With gold holding its gains last week, investors increased their holding of the metal by USD64.7 million, the firm writes. A small miss in US ISM manufacturing figures and continued political volatility in the Trump Administration following the sacking of its Communications Director lent weakness to the US Dollar and support to gold.
“We believe that in the absence of shocks, gold will trade around current levels until the end of the year. However, should we get any shock events, gold could rise higher. Investors acknowledging this ‘hedge’ trait of gold are buying into the metal as a source of portfolio insurance. Meanwhile long silver ETPs saw outflows of USD58.3 million, as its price failed to hold onto gains from the previous week. As economic growth continues, we expect that silver will outperform gold by the end of the year, which could see inflows into silver resume.”

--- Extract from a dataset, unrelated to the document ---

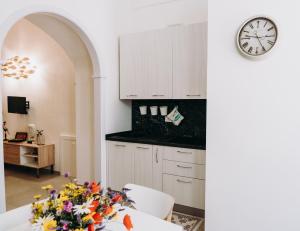 een keuken met witte kasten en een klok aan de muur bij Mare Adesso in Polignano a Mare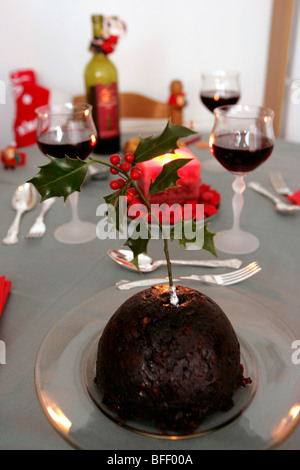 Un pudding natalizio con holly su un tavolo da pranzo prevista per la cena di Natale. Foto Stock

ETF Securities writes that inflows into Emerging Market government bond ETPs were the highest since January 2017. “Marking the third consecutive week of inflows into Emerging Market government bonds, inflows of USD18.6 million indicate that investor sentiment around emerging markets is continuing to grow.”
The firm also writes that gains in local government bonds of around 11 per cent this year, underpin the recent increase in sentiment. Last week was the third consecutive week of outflows from crude oil ETPs.
“Outflows of long USD75 million were the highest since May 2017. After the prior week’s gains in oil prices, investors continued to take-profit. By the end of the week, WTI oil had lost all its gains from the previous week. Investors continue to play a price range of USD40-55/bbl.
“When oil trades closer to the lower part of the range, we expect to see inflows resume. Recent price weakness comes as OPEC members are poorly conforming with their production limits. Kuwait and Russia are chairing a meeting today and tomorrow in Abu Dhabi with several OPEC and non-OPEC members participant in the deal to limit production. The spotlight will be shone on countries like Iraq, Gabon, Ecuador and UAE who are the cartel’s worst offenders.”
ETF Securities writes that investors are polarised on USD/EUR. Last week inflows into short USD-long EUR ETPs rose to USD6.2 million, breaking five weeks of outflows.
“Meanwhile inflows into short EUR-long USD rose to USD6.3 million, marking seventh consecutive week of inflows. In aggregate there were USD14.6 million of inflows into USD ETPs. Despite recent weakness in the US Dollar and strength in the Euro, we think the broader currency market has misjudged the reticence of the ECB and that confidence in aggressive tapering in coming months misguided. We feel the recent Euro strength will fade, while tightening policy in the US will drive the US Dollar higher.”
Finally, ETF Securities comments that Friday’s payroll report, which was considerably stronger than expected, should provide support to Dollar over the coming week, and reverse the weakness seen earlier last week.